老婆の案内で村長の家を訪れた2人。その家は村の中では一番大きかったが、周りの家々と同じく古びた印象を受けるものだった。
「アルクラド殿、シャリー殿、よくおいでくださった。大したもてなしはできませんが、歓迎いたしますぞ」
ジェフと名乗った村長は、老婆と同じくらいの年に見える老人であった。しかし老婆よりも20は若いそうだ。老婆が若いのかジェフが老けているのか、その事実に驚きながら、2人は村長の歓待を受ける。
歓待と言っても貧しい寒村の、それも冬の時期のものである。山で採れる塩以外の味がほとんどしない、薄い麦粥のようなものが食事として提供された。麦以外の具材は、細切れにされた何だか分からない肉と野菜。これからもほとんど味はせず、お世辞にも美味しいと言えるものではなかった。加えて出された酒は白く濁ったもので、この味もまた薄い。本当に大したもてなしではなかった。
しかし2人は、出された料理に文句をつけることもなく食べていた。老婆に乞われて滞在を決めたアルクラドだが、それは干したグーフを得る為である。もし贅沢な歓待が対価として提示されていたのならば怒ったかもしれないが、そうではない為、貧しい食事に文句を言ったりしない。
シャリーとしても貧しい生活の苦しさは良く知っている為、文句など浮かんでくるはずもない。シャリーも両親と死に別れてからは、上手く食料の調達ができず飢えに苦しむ日々を過ごしたこともある。もっともセーラノは恵の豊かな山であり、山の生活になれてからは飢えることもなく、美味しい山の恵を堪能していたが。

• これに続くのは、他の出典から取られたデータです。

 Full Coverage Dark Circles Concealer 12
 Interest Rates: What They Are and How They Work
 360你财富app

「もしよろしければ、今までの旅のお話などを聞かせてもらえませんかな? 娯楽もない村ですので、皆喜びます」
そう言う村長の家には、旅人が居るという噂を聞きつけて、村人達が大勢やってきていた。ここに来て初めにあった村人からは胡乱げな目を向けられたが、正式な客人と分かると皆は非常に友好的に接してきた。アルクラドの周りには主に女性が、シャリーの周りには主に男性が集まり、2人に話をせがんでいた。正直に言えば面倒に感じた2人であるが、話をするだけなら、とそれに応じた。
村人に今までの旅を話す2人の語り口は、正反対であった。
アルクラドの語りは事実をただ淡々と述べるだけであり、全く味気のないものであった。しかし黒龍との邂逅の話では、伝説の生き物である龍のことを聞くことができ、子供達が大興奮。また大人の男性達は剣など武器が好きなのか、聖銀の剣や龍鱗の剣に興味を示した。気づけば、アルクラドの周りは子供や男性が集まっていた。

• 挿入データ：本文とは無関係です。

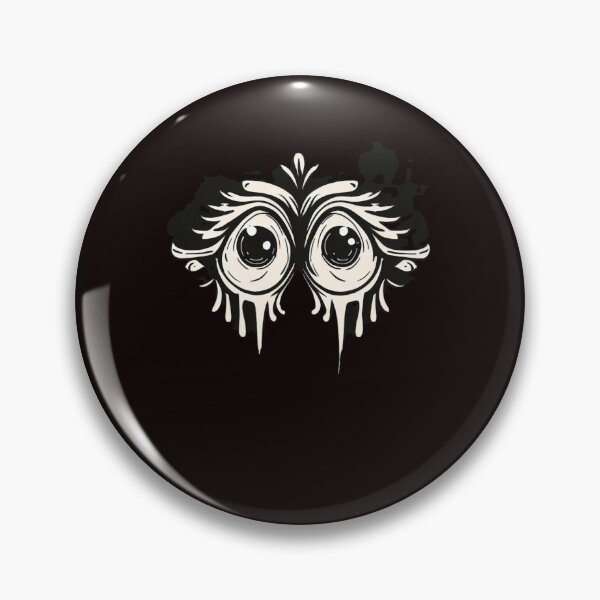 Item preview, Eye catching Logo trending  designed and sold by KILIANASHINGTON.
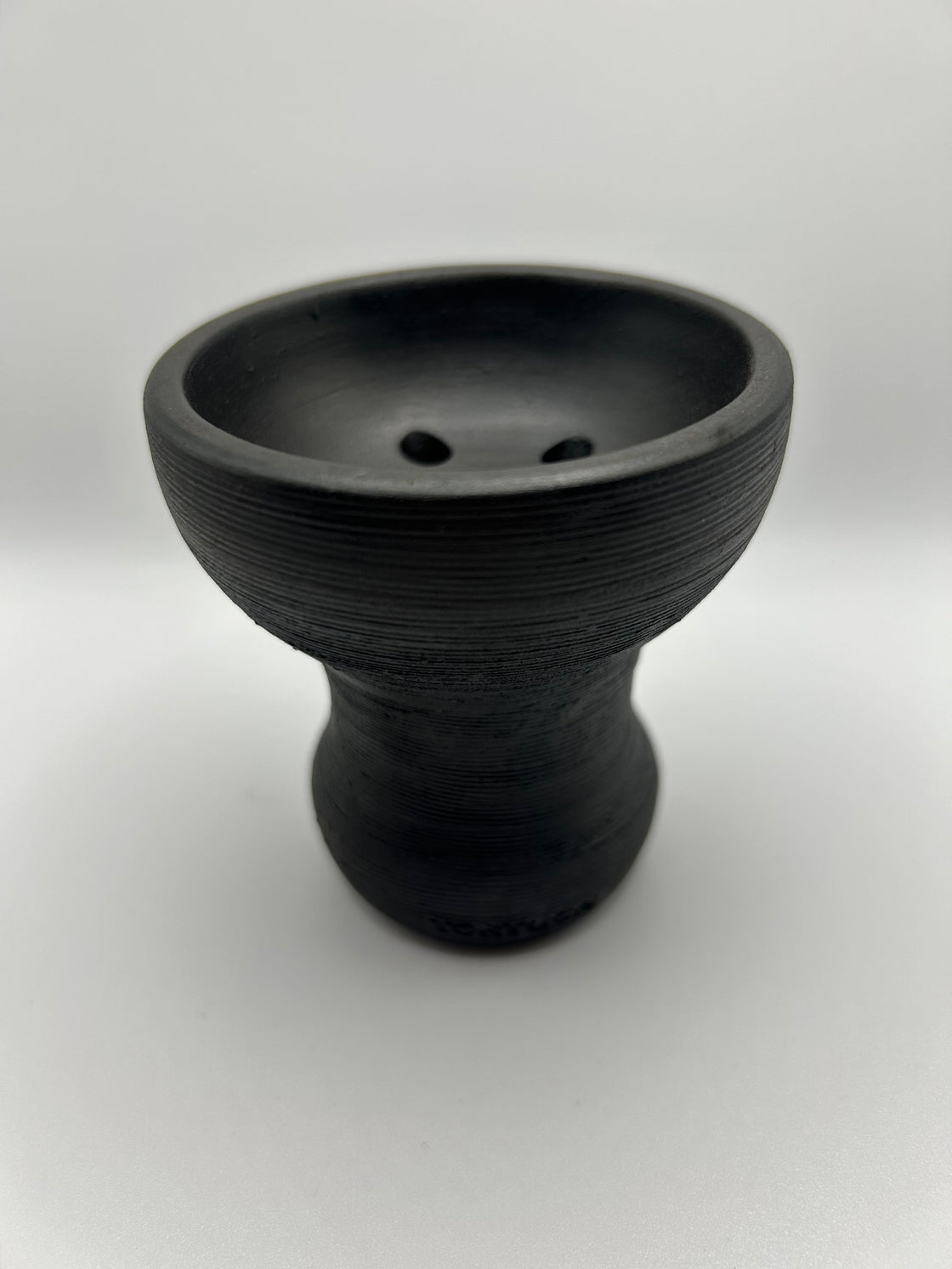 TORTUGA PREMIUM HEAD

対してシャリーは、今までの旅を物語として語った。料理の話も伝え方が上手く、特に王都での食事は皆の関心を引いた。またシャリー自身が元々貧しかったこともあり、王都に上った時に感じたことは村人達にも共感できるものであった。王都での、美食やアルクラドの立ち回りの話に女性達は大盛り上がりで、シャリーの周りには女性が集まるようになっていた。

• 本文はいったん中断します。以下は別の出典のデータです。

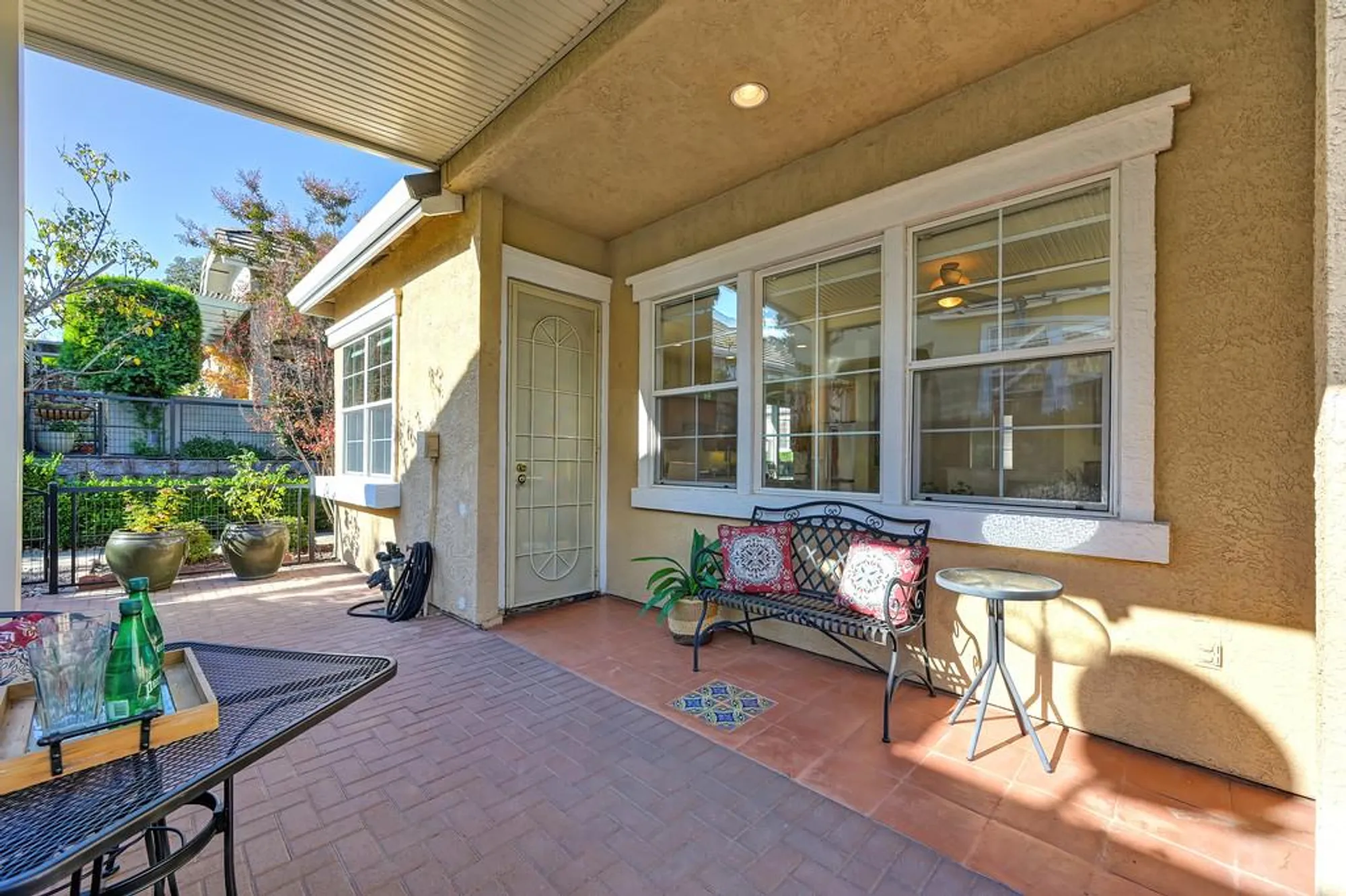 Property Slideshow image 36 of 49 | 3787 park dr, El Dorado Hills, CA, 95762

そんな2人の話で大盛り上がりの村長の家の中にあって、シャリーはあることに気付いた。この中にいる者達の様子が、どこか空元気であることに。そしてそんな中、一際暗い表情をした少女が、1人いることに。よく見れば子供達の多くは無邪気にはしゃいでいる。空元気が伝わってくるのは、大人達と子供達の中で年長の者達だった。暗い表情の少女も子供ではあるが、近く成人を迎える外見をしていた。
シャリーは迷った。自分の気付いたことについて尋ねるべきか、それとも見過ごすべきか。先程の老婆のように、何か特別な理由があるのかも知れない。それを考えると、シャリーは迂闊に尋ねることができなかった。しかしアルクラドが別の理由で、暗い表情をした少女に気づいていた。
「其方が食している物は何だ?」
皆一様に濁った薄い麦粥を食べている中で、その少女だけが違った食べ物を食べていた。薄く茶色味がかった白い何か。薄く切られたそれは透明感があり、向こうが少し透けている。部屋にその匂いは漂ってはいなかったが、アルクラドの驚異的な嗅覚はそれを捉えていた。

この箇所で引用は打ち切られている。